Op tafel ligt toevallig een PropertyNL Magazine met de hoopgevende cover dat de problemen op de retailmarkt bijna voorbij zijn. ‘Dat is helemaal niet zo’, barst Jeroen Lokerse, Head of Netherlands, los. ‘Dat willen sommige adviseurs doen geloven. Je moet eerlijk zijn. Voor veel oudere winkelketens is er helemaal geen toekomst. En supermarkten ontspringen de dans van de structurele transformatie die gaande is ook niet. Je denkt toch niet dat onze kinderen straks nog met winkelwagentjes in de weer zijn? Vooruit kijken lukt de markt in het vastgoed maar slecht.’
Lokerse staat bekend om zijn tegendraadse meningen, die niet door iedereen in de markt onderschreven worden, maar daarom juist anderen weer aantrekken. Overigens, bij de analyse van de retail ging het om de kansen van winkels in gebieden met door nieuwbouw sterke demografische groei bij groeiende detailhandelsbestedingen, en dat onderschrijft Lokerse dan wel weer.
Hoe dan ook, Lokerse is een adviseur in hart en nieren, maar dit keer gaat het gesprek in de eerste plaats over Cushman & Wakefield zelf, met als bijzonderheid het marktleiderschap op alle drie de kernmarkten voor gebruikstransacties in het eerste halfjaar.
Ommezwaai
Internationaal is er met Cushman & Wakefield van alles aan de hand met de beursnotering, maar daarover spreken elders in deze editie global president John Forrester en cfo Duncan Palmer (zie pagina 24). Wel noteren we dat Nederland belangrijker is voor het bedrijf dan je uit de fysieke omvang van ons land zou afleiden. Onder Lokerse was het kantoor in Nederland – voor de acquisitie van DTZ Zadelhoff – een van de meest winstgevende landen. Na de inlijving van het grotere, maar minder winstgevende DTZ Zadelhoff is de toegevoegde waarde strategie centraal blijven staan.
Dat leidde vorig jaar in betrekkelijke stilte tot een grote ommezwaai: circa 175 mensen vertrokken en ruim 100 mensen hebben de organisatie versterkt.
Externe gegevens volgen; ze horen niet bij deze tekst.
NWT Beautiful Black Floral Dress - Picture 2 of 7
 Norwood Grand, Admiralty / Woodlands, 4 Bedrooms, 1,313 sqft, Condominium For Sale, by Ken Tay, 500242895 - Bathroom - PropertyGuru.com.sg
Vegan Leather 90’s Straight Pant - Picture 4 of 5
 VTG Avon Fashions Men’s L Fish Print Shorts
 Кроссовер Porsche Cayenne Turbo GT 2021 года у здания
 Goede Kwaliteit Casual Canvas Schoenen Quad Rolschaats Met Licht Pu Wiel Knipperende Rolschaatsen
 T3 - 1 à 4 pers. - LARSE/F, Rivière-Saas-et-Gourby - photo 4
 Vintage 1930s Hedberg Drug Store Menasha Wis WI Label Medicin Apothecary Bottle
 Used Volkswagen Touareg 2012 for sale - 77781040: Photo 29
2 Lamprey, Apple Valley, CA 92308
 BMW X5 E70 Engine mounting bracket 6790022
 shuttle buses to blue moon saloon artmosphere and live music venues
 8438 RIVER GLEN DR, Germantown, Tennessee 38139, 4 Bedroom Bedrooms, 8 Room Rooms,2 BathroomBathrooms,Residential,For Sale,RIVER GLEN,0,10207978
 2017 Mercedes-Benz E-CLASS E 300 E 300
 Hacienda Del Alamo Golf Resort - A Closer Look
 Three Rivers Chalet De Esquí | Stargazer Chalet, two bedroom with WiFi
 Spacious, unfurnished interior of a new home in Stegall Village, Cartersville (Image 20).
DTZ Zadelhoff was een hybride verzameling van door partners aangestuurde regiokantoren en landelijke kenniscentra. De eerste zijn met de overname gesaneerd, de laatste uitgebreid. ‘Ik vind dat toch het meest bijzondere van de afgelopen tijd: zo veel wisselingen, en toch bijna geruisloos. Mensen die snapten dat ze niet in de nieuwe organisatie thuishoorden zijn uit zichzelf weggegaan, terwijl honderden anderen juist met ons de stap naar voren willen zetten. En ja, bij een enkeling is het ook wel eens minder soepel verlopen. Doorgaans vinden we het echter niet erg als medewerkers naar elders vertrekken. Het is logisch dat niet iedereen volledig achter de nieuwe strategie staat waarin relevantie, datagedreven beslissingen, langetermijnrelaties bouwen en focus op strategische advisering de boventoon voeren. Tegelijkertijd hebben we over sollicitaties niet te klagen. Ik ben ervan overtuigd dat dit komt doordat we simpelweg heel veel te bieden hebben aan talent, inclusief een volledig vernieuwd Excellence-programma. We hebben de nieuwe organisatie nu echt staan, en komende maand rollen we het toekomstplan uit.’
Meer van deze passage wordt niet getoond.